Rob Saltiel, MRC Global’s president and CEO, said, “Bringing our two companies together advances our shared goal of becoming a premier choice for energy, gas utility and industrial customers seeking exceptional service and solutions for the largest and most complex industry needs. The transaction diversifies our product offerings for our customers and de-risks our business. DNOW’s long-standing reputation, robust capabilities and broad global presence make it the ideal partner for MRC Global, as our two great companies continue to grow and compete in an expanding global market. Importantly, we have aligned corporate values and a shared commitment to delighting our customers through operational excellence and a culture of outstanding service. This is an exciting milestone for MRC Global, and I am grateful to our team members around the world whose dedication to our business and our customers continues to drive our success.”
Compelling Transaction Benefits
The combination of DNOW and MRC Global is expected to result in significant strategic, operational and financial benefits to shareholders, including:
Combines Highly Complementary Businesses. The combined company will offer distinctive and complementary products and services to the energy and industrial sectors across upstream, midstream, downstream, gas utility and industrial customers. The combined company is anticipated to have compelling and diverse growth opportunities and cash flow levers to reduce earnings volatility and enhanced resilience through business cyclicality in the energy sectors. Core to this will be serving a broader mix of customers in the construction and maintenance of essential energy process, production and transmission infrastructure. Additionally, the merger will allow for enhanced opportunities in alternative energy, artificial intelligence infrastructure, electrification, mining and other industrial markets.

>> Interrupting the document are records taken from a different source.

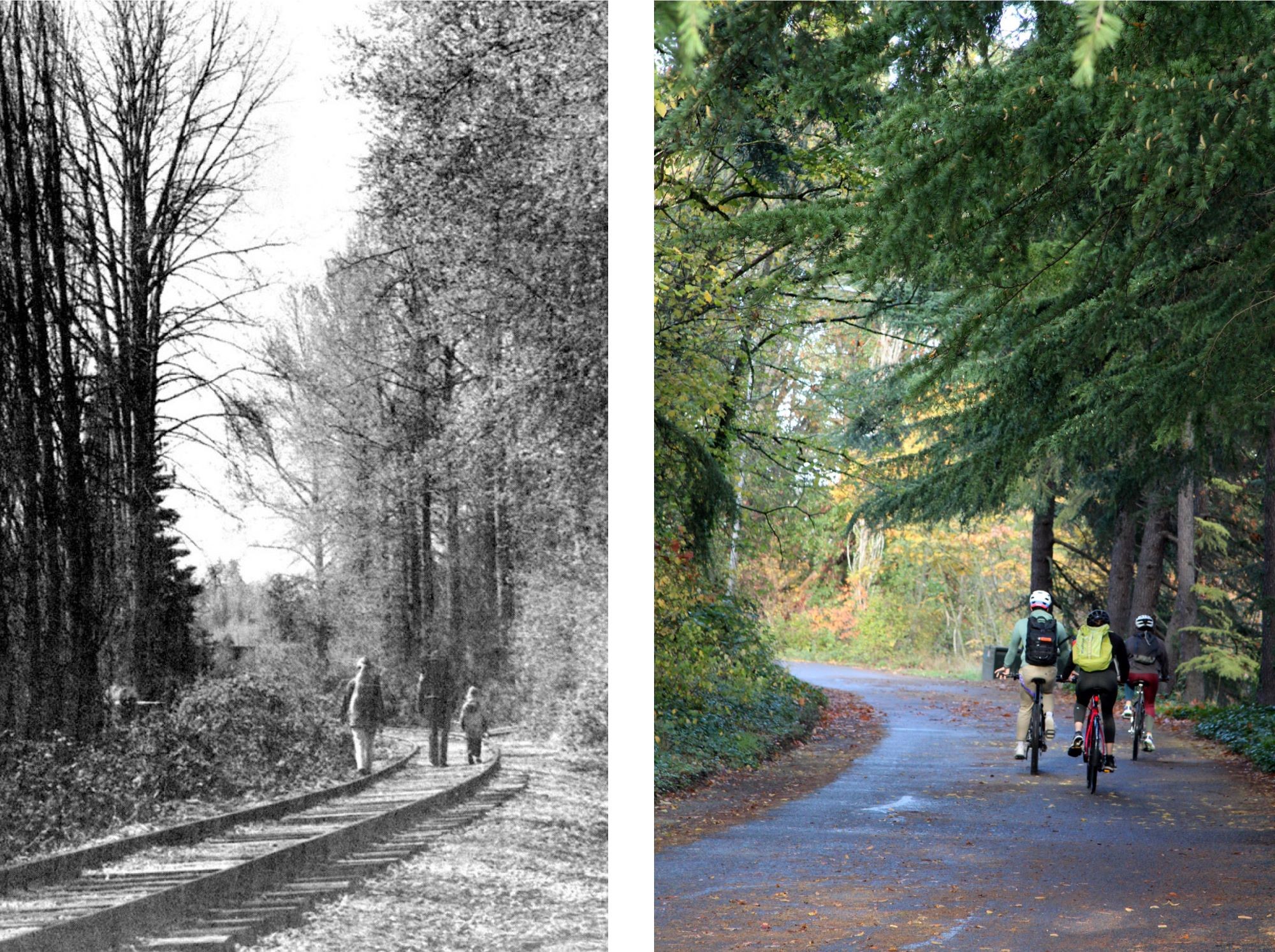 Burke Gilman Trail past and present. Left: 1970. Right: 2019 
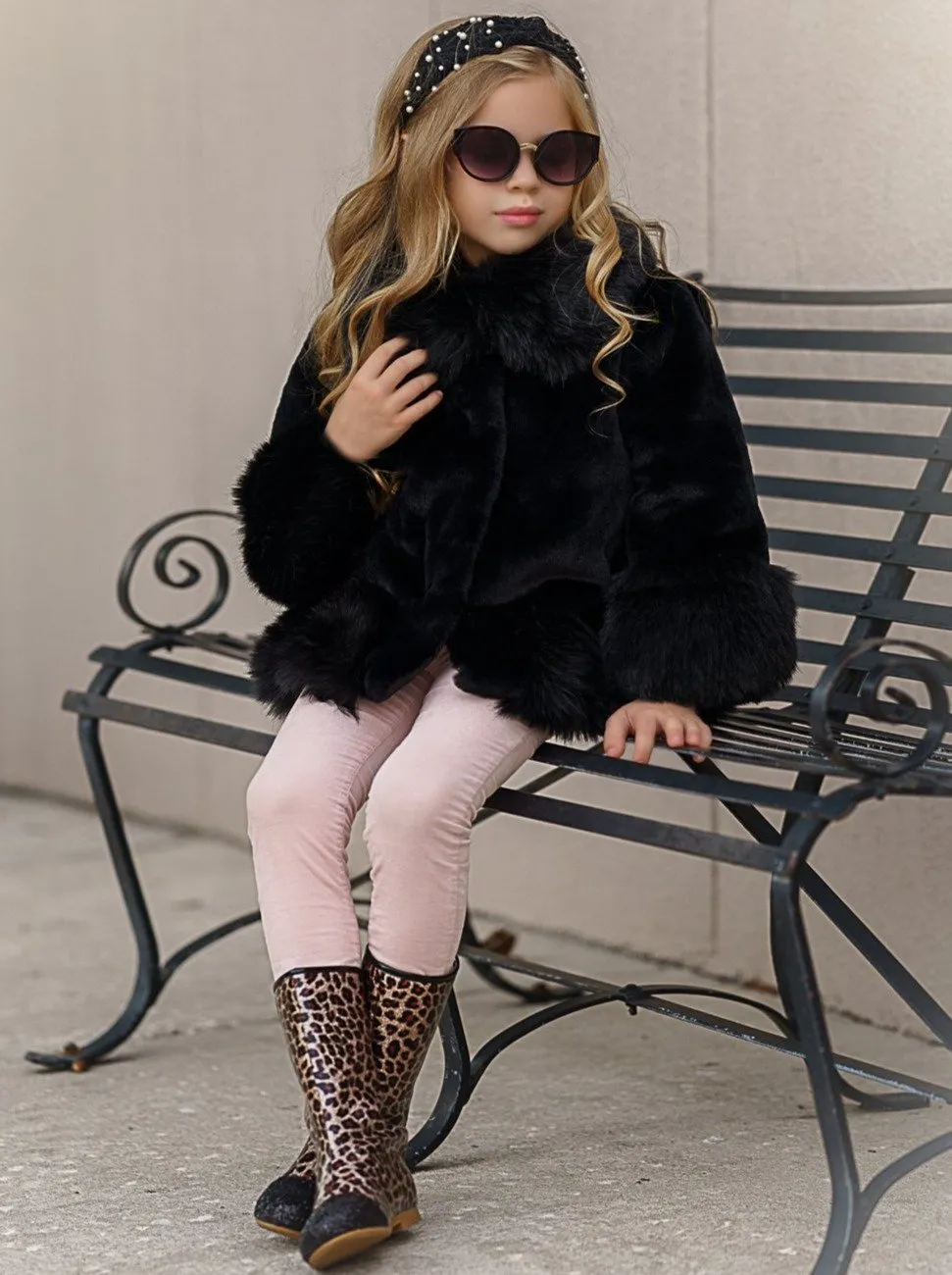 Girls Leopard Print Black Glitter Cap Toe Boots By Liv and Mia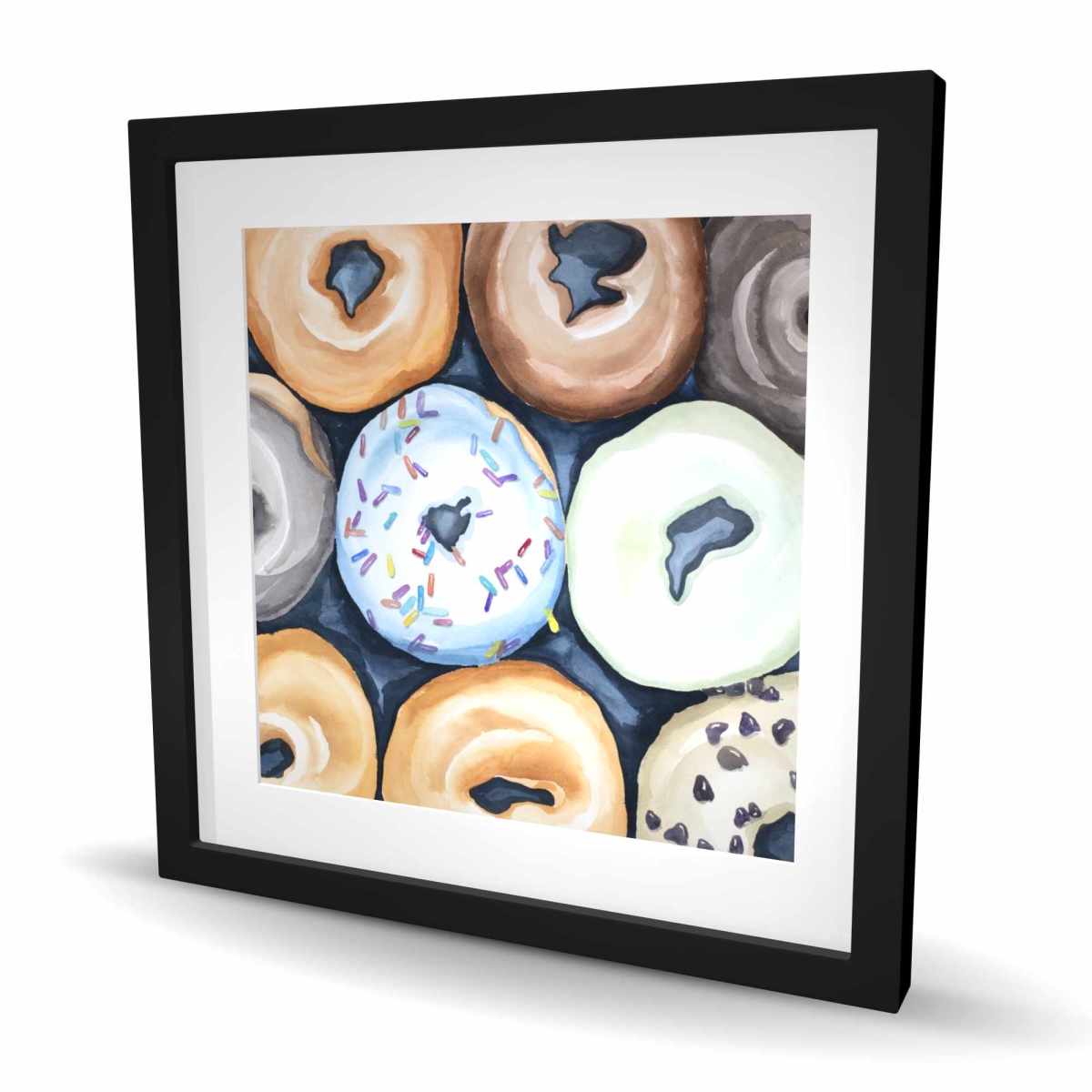 C1FM2424K2INX4 24 x 24 in. Watercolor Doughnuts with Icing - Framed Kitchen Art Print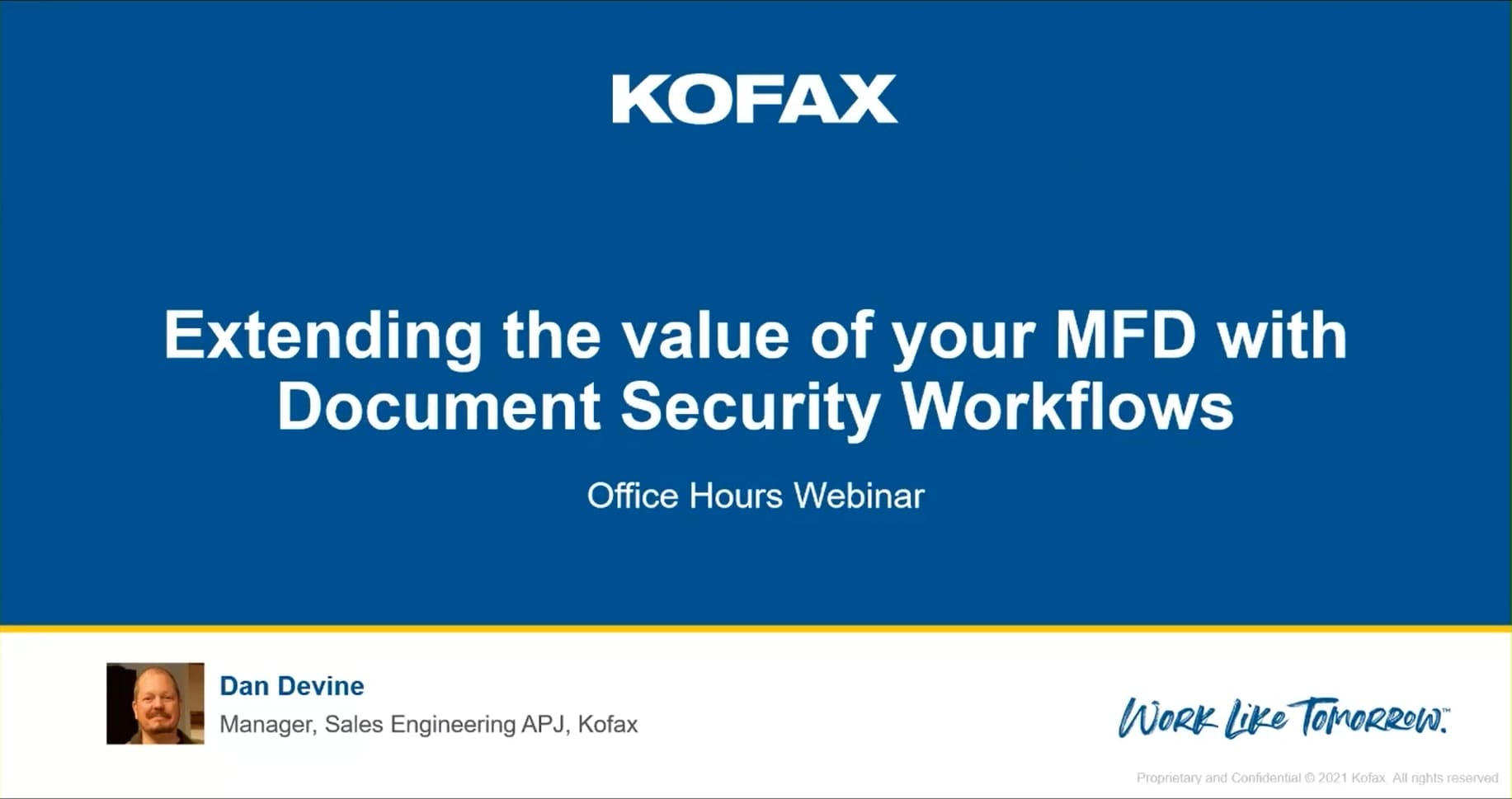Office Hours: Extending the value of your MFD with Document Security Workflows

Expands Scale and Scope. Together, the combined company will have an expanded geographic footprint and distribution presence in the U.S., Canada and attractive international markets, with approximately 5,000 team members. The expanded range of products and solutions are expected to strengthen existing customer and supplier relationships and facilitate the creation of new ones.
Unlocks Meaningful Synergies. The combined company is expected to generate $70 million of annual cost synergies within three years following closing through public company costs, corporate and IT systems, and operational and supply chain efficiencies. The combination is also expected to accelerate growth and deliver double digit Adjusted EPS accretion in the first year following closing.
Strong Cash Flow Generation. The substantial cash flow generation expected to result from the combination will enable the combined company to continue the execution of its capital allocation strategy, prioritizing organic investments in growth and productivity-enhancing technologies and investments that yield efficiencies and create value for customers. Maintaining a disciplined approach to capital allocation, the combined company expects to continue strategic acquisitions and return capital to shareholders.
Robust Balance Sheet to Pursue Further Growth. Following closing, the combined company is expected to maintain a strong balance sheet with a streamlined capital structure. Post-closing, DNOW expects net leverage to be under 0.5x. With strong cash flow and synergy realization, the combined company expects to achieve rapid deleveraging and have a net cash position by the end of the first year post closing. In addition to over $200 million of cash and a $500 million revolving credit facility, DNOW has secured commitments to expand its existing credit facility by $250 million at the close of the merger, further enhancing its liquidity and capital allocation flexibility.
Leadership, Corporate Governance and Headquarters
Upon completion of the transaction, Cherechinsky will serve as President and CEO of the combined company, and Mark Johnson, CFO of DNOW, will serve the same capcity for the combined company.
Following closing, DNOW’s board of directors will expand from eight to 10 directors to include two of MRC Global’s current independent board members. Dick Alario will continue to serve as chairman of the board.
The combined company will be named DNOW and trade on the NYSE under the DNOW ticker. The DNOW and MRC Global brands will continue following closing of the transaction. The combined company will remain headquartered in Houston, Texas.